── Record extracts ──
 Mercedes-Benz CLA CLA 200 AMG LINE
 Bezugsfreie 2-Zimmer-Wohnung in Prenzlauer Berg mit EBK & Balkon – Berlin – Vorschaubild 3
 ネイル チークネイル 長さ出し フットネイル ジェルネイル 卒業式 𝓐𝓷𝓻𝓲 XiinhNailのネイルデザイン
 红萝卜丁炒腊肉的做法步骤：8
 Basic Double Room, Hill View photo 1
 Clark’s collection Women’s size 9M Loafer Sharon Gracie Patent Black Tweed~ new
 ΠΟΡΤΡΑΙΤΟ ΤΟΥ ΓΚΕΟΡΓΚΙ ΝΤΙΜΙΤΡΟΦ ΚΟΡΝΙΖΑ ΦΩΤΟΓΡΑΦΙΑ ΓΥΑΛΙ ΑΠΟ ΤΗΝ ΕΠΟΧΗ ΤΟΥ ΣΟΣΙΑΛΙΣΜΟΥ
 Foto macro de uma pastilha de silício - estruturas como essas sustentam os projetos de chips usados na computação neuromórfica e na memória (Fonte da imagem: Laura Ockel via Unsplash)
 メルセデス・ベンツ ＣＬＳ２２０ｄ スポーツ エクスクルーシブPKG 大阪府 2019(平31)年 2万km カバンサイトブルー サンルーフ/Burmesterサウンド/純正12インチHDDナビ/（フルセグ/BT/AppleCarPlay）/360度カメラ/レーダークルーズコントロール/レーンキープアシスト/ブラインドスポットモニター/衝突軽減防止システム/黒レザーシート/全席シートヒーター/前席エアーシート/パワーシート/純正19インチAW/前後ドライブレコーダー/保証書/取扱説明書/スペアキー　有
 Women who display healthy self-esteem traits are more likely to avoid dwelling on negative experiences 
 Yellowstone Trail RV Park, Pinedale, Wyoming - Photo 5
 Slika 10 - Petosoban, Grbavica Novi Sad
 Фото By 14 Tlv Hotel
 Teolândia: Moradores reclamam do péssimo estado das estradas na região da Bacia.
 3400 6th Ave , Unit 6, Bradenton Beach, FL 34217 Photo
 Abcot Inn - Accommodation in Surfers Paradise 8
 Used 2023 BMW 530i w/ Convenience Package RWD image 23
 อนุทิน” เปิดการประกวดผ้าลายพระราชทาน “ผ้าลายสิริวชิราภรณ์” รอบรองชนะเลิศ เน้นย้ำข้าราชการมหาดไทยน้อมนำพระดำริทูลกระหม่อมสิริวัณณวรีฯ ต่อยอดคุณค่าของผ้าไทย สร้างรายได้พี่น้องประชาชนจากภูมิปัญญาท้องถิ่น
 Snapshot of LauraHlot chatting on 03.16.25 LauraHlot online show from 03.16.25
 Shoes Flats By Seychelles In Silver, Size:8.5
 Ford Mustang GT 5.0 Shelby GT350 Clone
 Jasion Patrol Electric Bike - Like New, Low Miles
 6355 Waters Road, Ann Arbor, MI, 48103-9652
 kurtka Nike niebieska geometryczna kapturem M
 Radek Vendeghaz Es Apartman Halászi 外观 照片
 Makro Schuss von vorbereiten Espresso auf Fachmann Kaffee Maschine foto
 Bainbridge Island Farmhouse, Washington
───
◆ Task prompt ◆
The data above should be returned exactly as written.

◆ Answer area ◆
 Mercedes-Benz CLA CLA 200 AMG LINE
 Bezugsfreie 2-Zimmer-Wohnung in Prenzlauer Berg mit EBK & Balkon – Berlin – Vorschaubild 3
 ネイル チークネイル 長さ出し フットネイル ジェルネイル 卒業式 𝓐𝓷𝓻𝓲 XiinhNailのネイルデザイン
 红萝卜丁炒腊肉的做法步骤：8
 Basic Double Room, Hill View photo 1
 Clark’s collection Women’s size 9M Loafer Sharon Gracie Patent Black Tweed~ new
 ΠΟΡΤΡΑΙΤΟ ΤΟΥ ΓΚΕΟΡΓΚΙ ΝΤΙΜΙΤΡΟΦ ΚΟΡΝΙΖΑ ΦΩΤΟΓΡΑΦΙΑ ΓΥΑΛΙ ΑΠΟ ΤΗΝ ΕΠΟΧΗ ΤΟΥ ΣΟΣΙΑΛΙΣΜΟΥ
 Foto macro de uma pastilha de silício - estruturas como essas sustentam os projetos de chips usados na computação neuromórfica e na memória (Fonte da imagem: Laura Ockel via Unsplash)
 メルセデス・ベンツ ＣＬＳ２２０ｄ スポーツ エクスクルーシブPKG 大阪府 2019(平31)年 2万km カバンサイトブルー サンルーフ/Burmesterサウンド/純正12インチHDDナビ/（フルセグ/BT/AppleCarPlay）/360度カメラ/レーダークルーズコントロール/レーンキープアシスト/ブラインドスポットモニター/衝突軽減防止システム/黒レザーシート/全席シートヒーター/前席エアーシート/パワーシート/純正19インチAW/前後ドライブレコーダー/保証書/取扱説明書/スペアキー　有
 Women who display healthy self-esteem traits are more likely to avoid dwelling on negative experiences 
 Yellowstone Trail RV Park, Pinedale, Wyoming - Photo 5
 Slika 10 - Petosoban, Grbavica Novi Sad
 Фото By 14 Tlv Hotel
 Teolândia: Moradores reclamam do péssimo estado das estradas na região da Bacia.
 3400 6th Ave , Unit 6, Bradenton Beach, FL 34217 Photo
 Abcot Inn - Accommodation in Surfers Paradise 8
 Used 2023 BMW 530i w/ Convenience Package RWD image 23
 อนุทิน” เปิดการประกวดผ้าลายพระราชทาน “ผ้าลายสิริวชิราภรณ์” รอบรองชนะเลิศ เน้นย้ำข้าราชการมหาดไทยน้อมนำพระดำริทูลกระหม่อมสิริวัณณวรีฯ ต่อยอดคุณค่าของผ้าไทย สร้างรายได้พี่น้องประชาชนจากภูมิปัญญาท้องถิ่น
 Snapshot of LauraHlot chatting on 03.16.25 LauraHlot online show from 03.16.25
 Shoes Flats By Seychelles In Silver, Size:8.5
 Ford Mustang GT 5.0 Shelby GT350 Clone
 Jasion Patrol Electric Bike - Like New, Low Miles
 6355 Waters Road, Ann Arbor, MI, 48103-9652
 kurtka Nike niebieska geometryczna kapturem M
 Radek Vendeghaz Es Apartman Halászi 外观 照片
 Makro Schuss von vorbereiten Espresso auf Fachmann Kaffee Maschine foto
 Bainbridge Island Farmhouse, Washington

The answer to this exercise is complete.